Friend: What are you doing this weekend?
Me: Amusement Pork.
Friend: You mean Amusement Park?
Me: No, I don’t.
Carol got out of the car with a box of donuts, so helped her carry them in, who said chivalry is dead.
I like how commercials for gum seem to be predicting a cold, dystopian future where our survival depends on the freshness of our breath.
My husband bought me jewelry for Valentine’s day. He doesn’t know it yet, but that was still nice of him.
I can’t stand people who are indirect
You know who you are
New Year’s Eve 1999. My brother sneaks down to the basement. As the clocks strike midnight, he flips off all the fuses in the house and cackles as everyone loses their minds upstairs.
Doctor: I’m afraid we will have to remove part of your colon.
Me: So I’m gonna be a semicolon? LOL
Doctor:
A dating app for people who are way too into cookies, called Crumble
[cop directing traffic holds up hand for me to stop] Ok but I’m stopping bc I want to not bc you told me to
Everyone’s all worried about World War III. Worry about the important shit. Batman’s fighting Superman in 2016.
u guys like coachella? u know who else was in a desert with people who didn’t shower? Moses. hi i’m your new youth pastor Keith
dresses with pockets are great for parties because it’s like having two built-in doggie bags. 8 cookies, 4 taquitos, and 7 fancy crackers for later? don’t mind if I do
Hypnotist: When I count to three you will wake up
Me: Then don’t count to three
I’ve already had 3 people ask if I have enough wine to last me through the hurricane. Beginning to think I may have a reputation.
Finishing a book is like saying goodbye to an old friend. Finishing a show you binge-watched is like staggering out of a motel where you’ve been holed up for 24 hours with someone you met while trying to score crack.

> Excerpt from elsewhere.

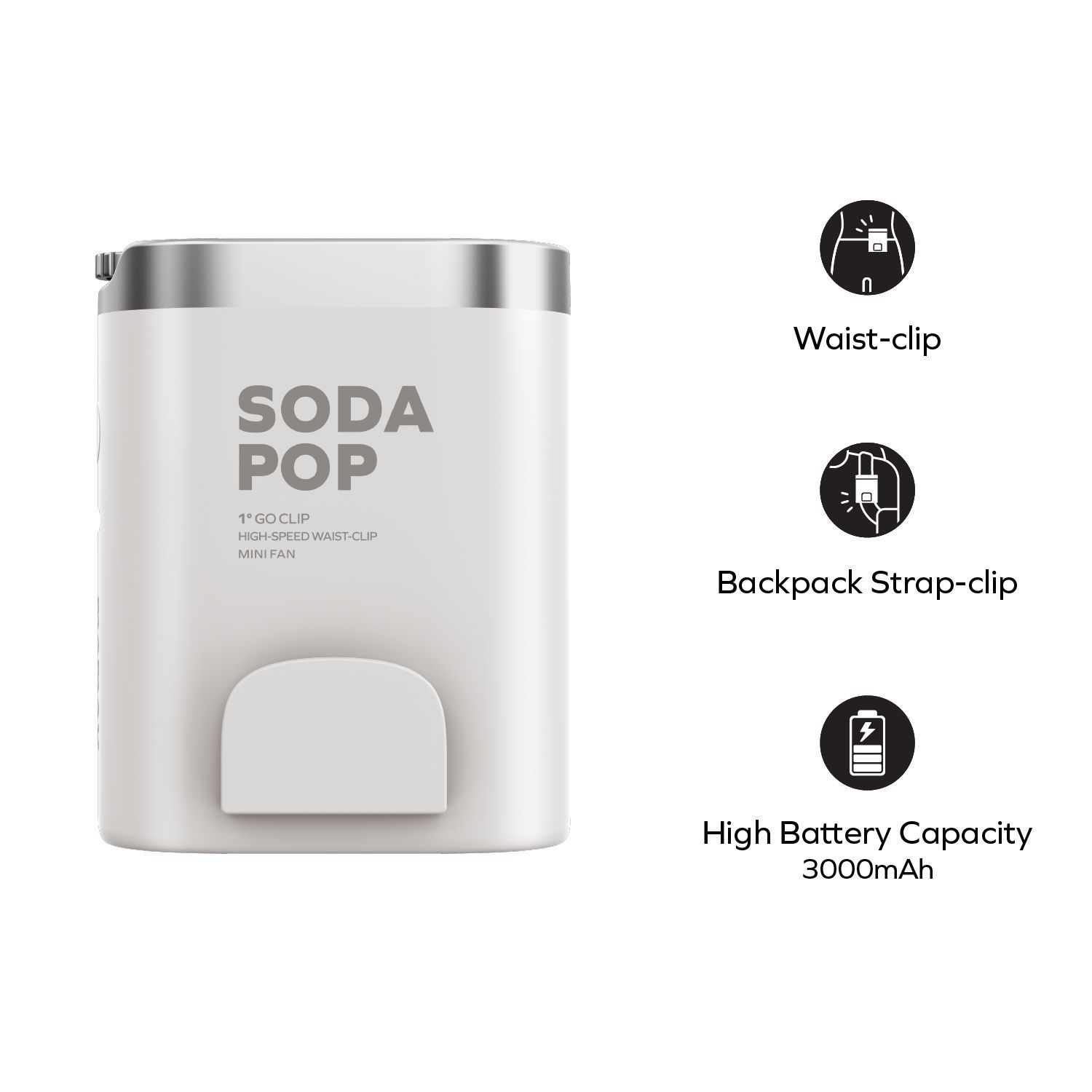 Momax1° Go Clip 高速腰夾迷你風扇  IF23W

I lost my camouflage wallet, so if you happen to see it, then it’s shitty camouflage and I don’t want it back
feeling cute. might rob a bank later.
“my eye is up here”
-Illuminati pyramid
A ballerina walks into a barre. Embarrassed, she splits.
*Sees someone tying a yellow ribbon around a tree*
Me: Oh dang, Groot knows karate
This is me
This is exactly how that old gypsy lady said I was going to die.

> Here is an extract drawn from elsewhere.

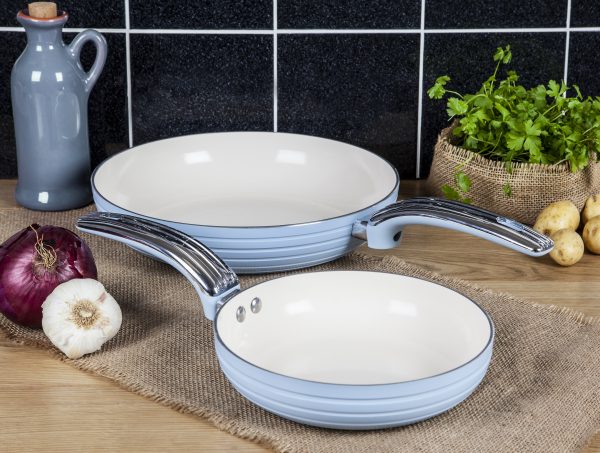 Swan Retro - 2 stk pönnusett, blátt
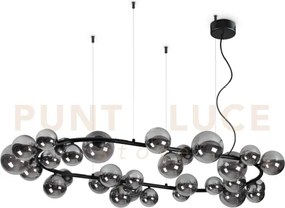 Perlage lampadario a sospensione 30 luci attacco g9 lampadine inclu...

Good for you, the 3 people trying to keep MySpace alive. Good. For. You.
It’s possible to eat 7 and a half Tillamook cheese snack portions before you feel sick. Someone had to find out for the rest of you.
My husband thinks he can just order me around like he’s one of the cats.
If I were a literary character, I would be the grandpa in Charlie & The Chocolate Factory that doesn’t get to go
I like my wedding soup made with real bickering.
I love visiting my parents cause then we get to argue about why it’s not ok to give my kids ketchup that’s 2 years expired.